With our knowledge of the quartermaster’s customary prowess at the banquet table, this last statement seemed to call for farther explanation. We ventured to ask him about it.
“Why did I cut that supper? Well, because I wanted to. Why did I want to? H’m! you’re hot for information, aren’t you? But perhaps I may as well tell you. If I don’t, somebody else will; and if it has to be told, I’d prefer to have it told truthfully.
“It was all on account of that girl—that one girl. I’m not ashamed to admit that it was a case of utter annihilation at first sight. I had hardly stepped out upon the armory floor, when my eye fell on her; and from that instant I knew that, for me, there wasn’t another girl in that whole hall—no, nor in the whole wide world. ‘See anybody you’d like to meet?’ says Major Brayton, who had me under his wing. ‘Yes, present me to that stunning girl in yellow,’ says I, like a flash; ‘that girl sitting over there beside the stout woman in black.’ Confound Brayton! he might have warned me. But he didn’t: he only grinned and said ‘Perhaps you’d better get Erwin to take you up. But come along with me, I’ll risk it.’
“Whew! she was a tearing beauty. Big, soft, brown eyes, and a regular cloud of wavy, brown hair to match, and a general effect of having just stepped out of one of Gibson’s drawings. When the major presented me, my heart was thumping like a bass-drum. Fact! Her name? I didn’t quite catch it. But I captured her card, and signed contracts for a waltz, and some sort of country-dance just after it, and another waltz well along towards the end of the list. How did I score her down on my card? Why, I just scratched down ‘D’—which might have stood for most anything.

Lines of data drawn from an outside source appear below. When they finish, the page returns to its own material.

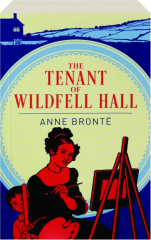 THE TENANT OF WILDFELL HALL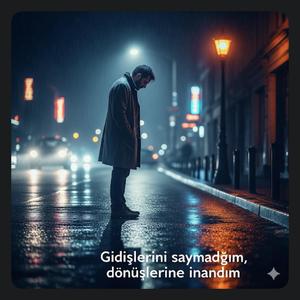 GİDİŞLERİNİ SAYMADIM
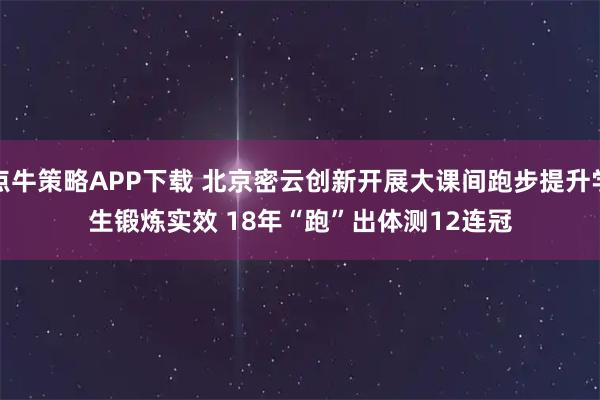 点牛策略APP下载 北京密云创新开展大课间跑步提升学生锻炼实效 18年“跑”出体测12连冠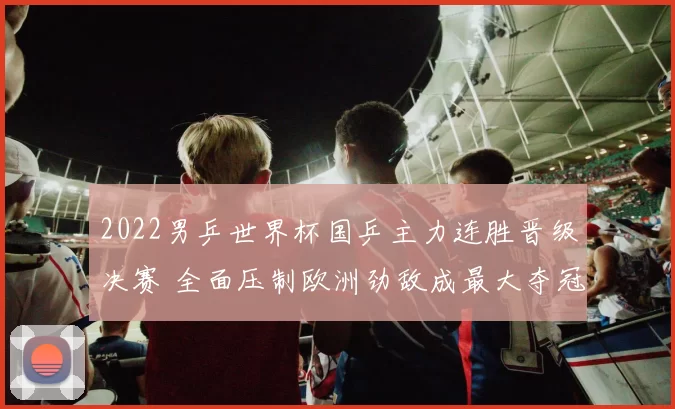 2022男乒世界杯国乒主力连胜晋级决赛 全面压制欧洲劲敌成最大夺冠热门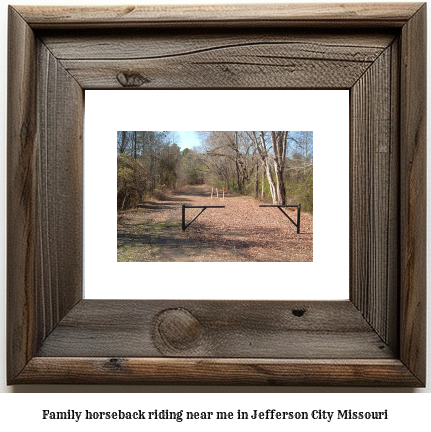 family horseback riding near me in Jefferson City, Missouri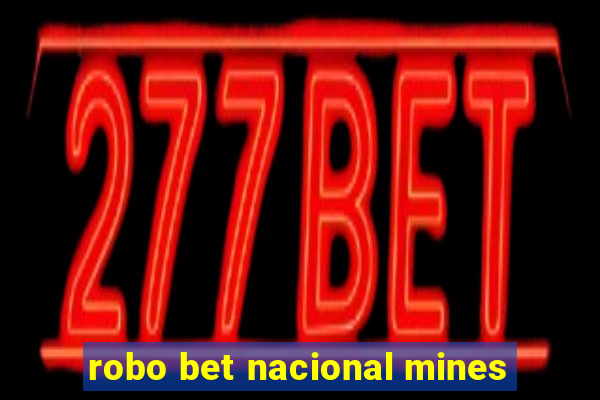 robo bet nacional mines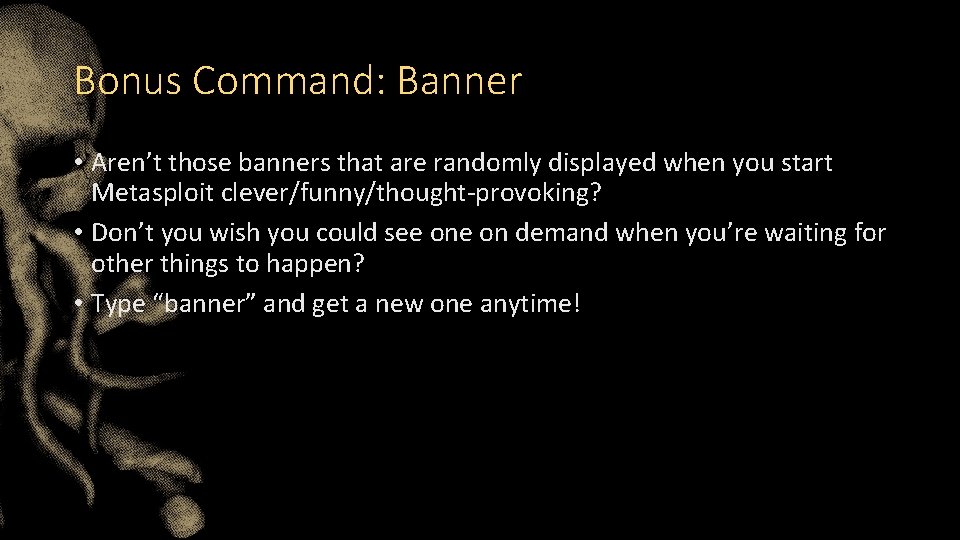 Bonus Command: Banner • Aren’t those banners that are randomly displayed when you start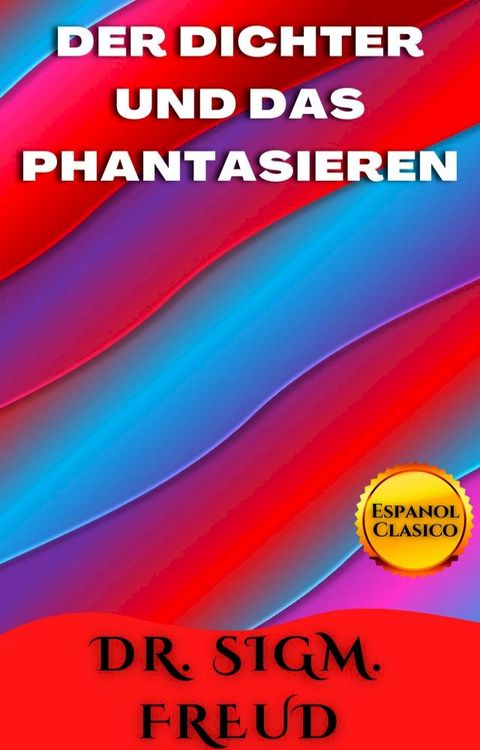 DER DICHTER UND DAS PHANTASIEREN(Kobo/電子書)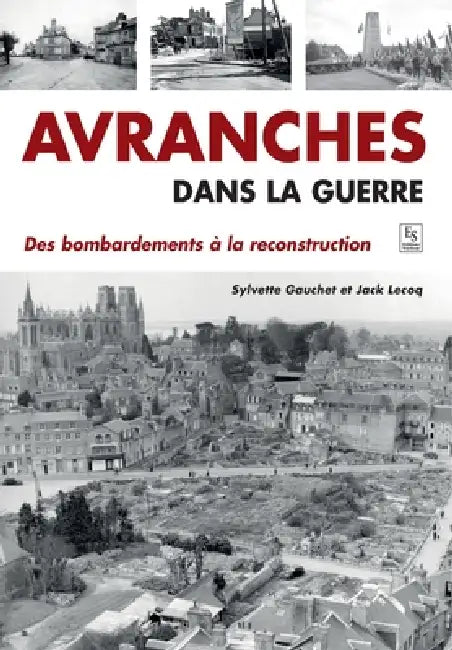 Avranches dans la guerre - Des bombardements à la reconstruction by Lecoq Jack, Gauchet Sylvette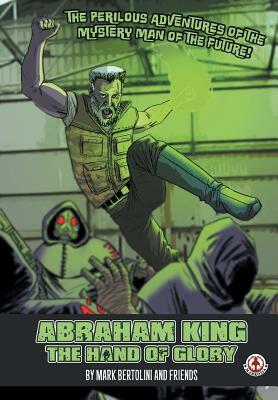 Abraham King: The Hand of Glory by Mark Bertolini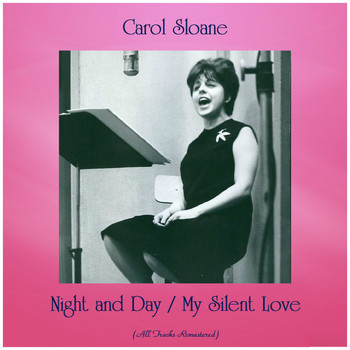 Carol Sloane - Night and Day / My Silent Love (All Tracks Remastered)
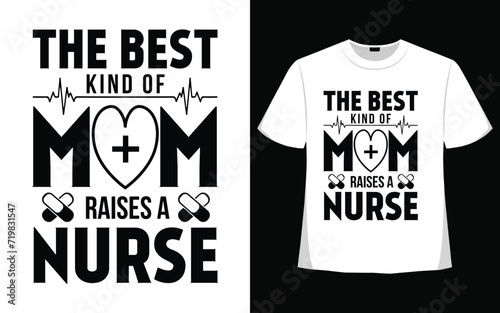 The best kind of mom raises a nurse t shirt design.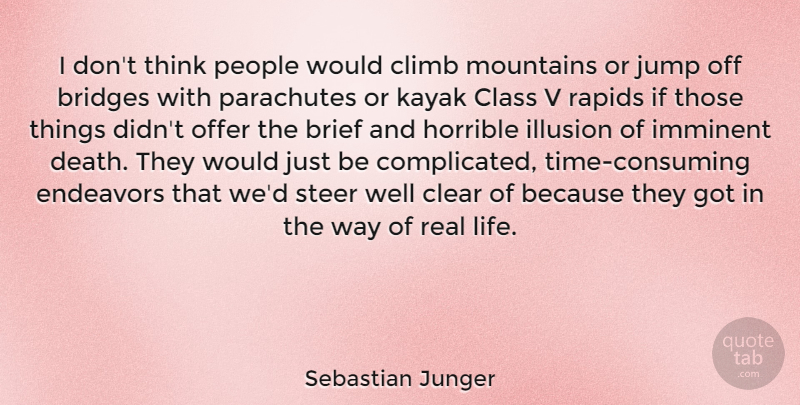 Sebastian Junger Quote About Real, Thinking, Bridges: I Dont Think People Would...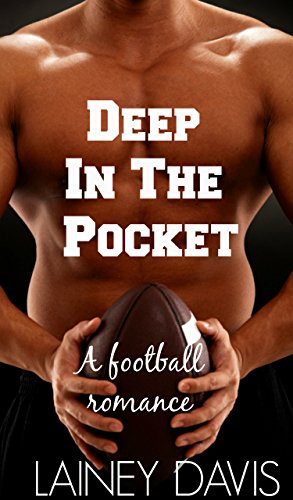 Deep in the Pocket (Stone Creek University Book 2)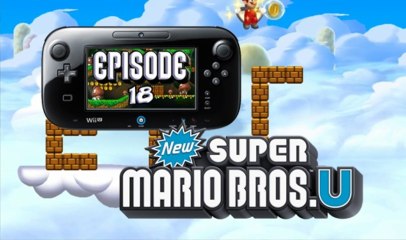 [WT] New Super Mario Bros U - Episode #18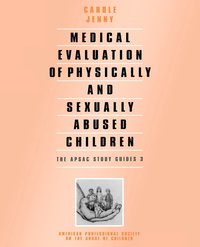 bokomslag Medical Evaluation of Physically and Sexually Abused Children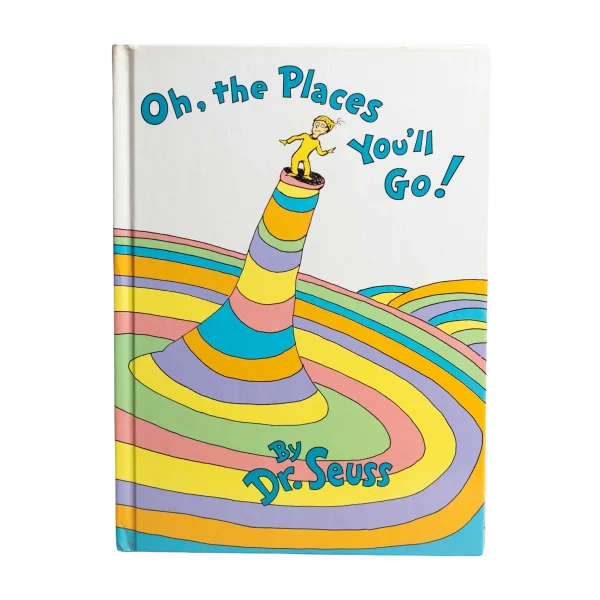 Oh, the Places You'll Go! by Dr. Seuss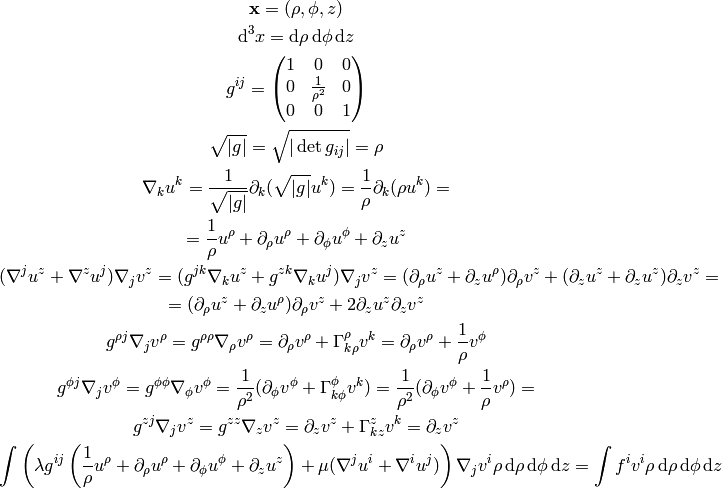 {\bf x} = (\rho, \phi, z)

\d^3 x = \d\rho\, \d \phi\, \d z

g^{ij} = \mat{1 & 0 & 0\cr 0 & 1\over\rho^2 & 0\cr 0 & 0 & 1\cr}

\sqrt{|g|} = \sqrt{|\det g_{ij}|} = \rho

\nabla_k u^k = {1\over\sqrt{|g|}}\partial_k (\sqrt{|g|} u^k) =
    {1\over\rho}\partial_k (\rho u^k) =

= {1\over\rho} u^\rho + \partial_\rho u^\rho + \partial_\phi u^\phi +
    \partial_z u^z

(\nabla^j u^z + \nabla^z u^j) \nabla_j v^z =
    (g^{jk}\nabla_k u^z + g^{zk}\nabla_k u^j) \nabla_j v^z =
    (\partial_\rho u^z + \partial_z u^\rho) \partial_\rho v^z +
    (\partial_z u^z + \partial_z u^z) \partial_z v^z
    =

= (\partial_\rho u^z + \partial_z u^\rho) \partial_\rho v^z +
    2\partial_z u^z \partial_z v^z

g^{\rho j}\nabla_j v^\rho = g^{\rho\rho}\nabla_\rho v^\rho =
    \partial_\rho v^\rho + \Gamma^\rho_{k\rho} v^k =
    \partial_\rho v^\rho + {1\over\rho} v^\phi

g^{\phi j}\nabla_j v^\phi = g^{\phi\phi}\nabla_\phi v^\phi =
    {1\over\rho^2}(\partial_\phi v^\phi + \Gamma^\phi_{k\phi} v^k )=
    {1\over\rho^2}(\partial_\phi v^\phi + {1\over\rho} v^\rho )=

g^{zj}\nabla_j v^z = g^{zz}\nabla_z v^z =
    \partial_z v^z + \Gamma^z_{kz} v^k = \partial_z v^z

\int \left( \lambda g^{ij}\left(
{1\over\rho} u^\rho + \partial_\rho u^\rho + \partial_\phi u^\phi +
    \partial_z u^z
\right) + \mu
    (\nabla^j u^i + \nabla^i u^j) \right) \nabla_j v^i
    \rho \,\d\rho\, \d \phi\, \d z
    = \int f^i v^i \rho \,\d\rho\, \d \phi\, \d z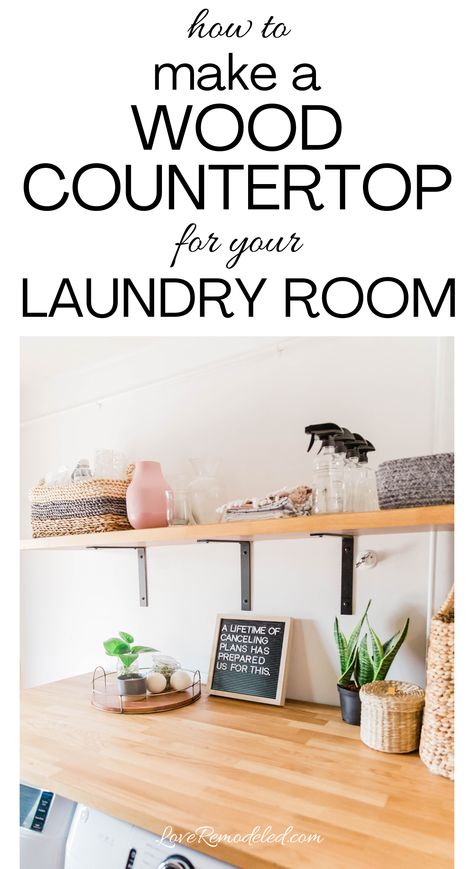 If you're looking to make a natural looking wood countertop for your laundry room, this simple DIY will give you all the info you need to get it done! Laundry Room Table Diy, Wood Top For Laundry Room, Wooden Countertops Laundry Room, Laundry Wood Countertop, Laundry Room Countertop Options, Butcher Block Countertops In Laundry, Diy Butcher Block Laundry Counter, Diy Wood Laundry Countertop, Laundry Countertop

“Well, we floated through the waltz. It was a treat, for she was a divine dancer, as I’d thought she’d be. When the country-dance came along, I suggested that we’d do well to hunt up some place in the gallery from which we could look down upon it, explaining that I was a little weak in my minor tactics, and really didn’t feel up to getting tangled in any such complicated manœuvres unless I had a book of directions with me. So up to the gallery we went, and I found an ideal corner, all hidden by bunting draperies, and palms and things.
“And there we sat—just we two—in a ready-made paradise of our own, utterly forgetful of the crush of prancing idiots who were toiling away on the floor below us. H’m! I think I must have lost my head completely. I said all sorts of things. As a matter of fact, I can’t begin to remember half what I did say. I only know that finally the music stopped, and she rose with a sigh. ‘Can’t I steal this next dance?’ says I, taking her card from her to see who the lucky man was that had it. ‘No,’ says she softly, ‘I’m afraid that it wouldn’t be possible.’ I glanced at the card, and for the first time noticed that the next dance and fully two-thirds of the others were labelled ‘J. E.’, in a painfully distinct and careful hand.
“And while I was assimilating this interesting fact, who should come blundering into our little, private paradise but Jack Erwin, first lieutenant of ‘C’, Fourth. You don’t know him? Wish I didn’t! ‘Hello! Woodleigh, old man,’ says he, grabbing my paw. ‘Found you at last. They told me you were doing guard duty for me. Well, I’m waiting to be congratulated.’
“‘I beg pardon, Jack,’ says I; ‘promotion?’ And then he laughed—one of those silly, cheerful, lover’s laughs—and tucked my girl’s slender little hand under his arm. ‘No,’ says he; ‘or, rather, yes. Hadn’t you heard of my engagement?’ And he smiled down on the girl in a way that made me wild to toss him over the balcony railing.